Na quarta-feira (27), membros do grupo majoritário da comissão tiveram reunião com Augusto Aras para entregar uma cópia do relatório. Na ocasião, os senadores se comprometerem a eles próprios "fatiar" os trechos referentes a autoridades com foro especial, para que seja enviado diretamente para a PGR, a fim de agilizar o processo.

Em um vídeo divulgado pela PGR, o procurador-geral afirmou: "Haveremos de fazer um bom trabalho." "Graças ao trabalho da CPI, nós já temos várias investigações em curso, ações de improbidade, denúncias já ajuizadas, afastamento de autoridades estaduais e municipais", disse.

Aras falou em "agilidade necessária" com a chegada do material referente às autoridades com prerrogativa de foro. A PGR dará a "qualificação jurídica que por ventura possamos encontrar e que seja civil, penalmente e administrativamente puníveis", segundo o procurador-geral.

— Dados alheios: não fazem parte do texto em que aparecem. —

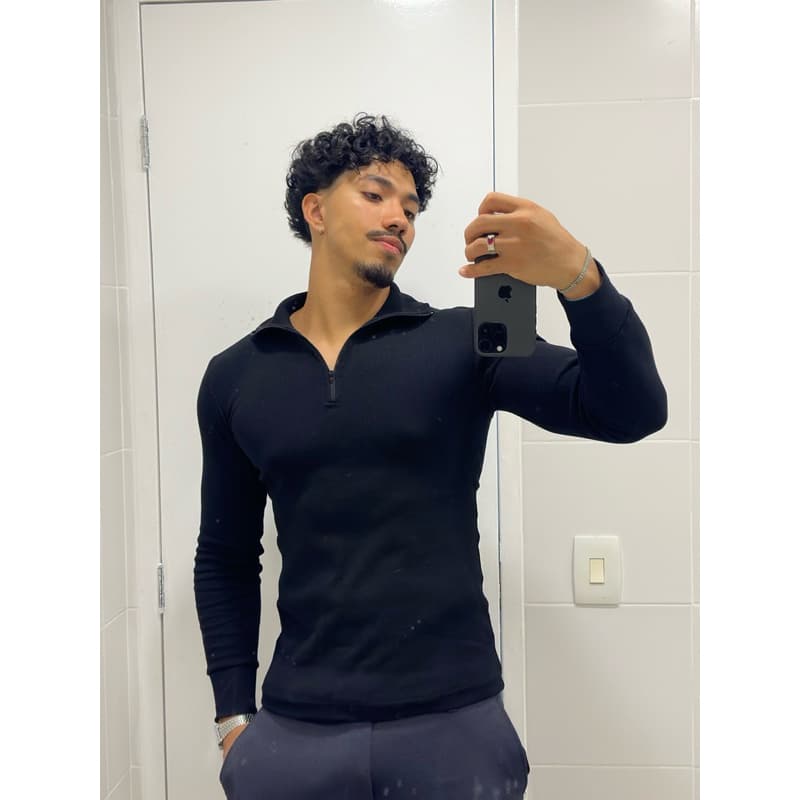 Cacharrel Masculina Com Ziper e Manga Longa Modelo ITALIANA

Por outro lado, alguns senadores afirmam que cobraram celeridade de Aras e o pressionaram a respeito de um possível engavetamento.

"Foi muito firme a fala do senador Omar Aziz em relação a isso. Ele citou que o deputado Ricardo Barros tinha anunciado que em 30 dias a PGR arquivaria tudo. Aziz foi muito firme ao informar que gostaria que essa declaração não fosse uma premonição", disse após o encontro Randolfe.

Os membros do Observatório também discutiram durante a reunião a elaboração de um regimento interno. Os principais cargos do observatório, presidência, vice e relatoria, serão ocupados pelos membros que os ocupavam durante a CPI.

Além disso, ficou decidido que serão criadas vice-presidências para tratar de assuntos específicos, como vice-presidência de acompanhamento das investigações, de relações internacionais, acompanhamento de proposições legislativas.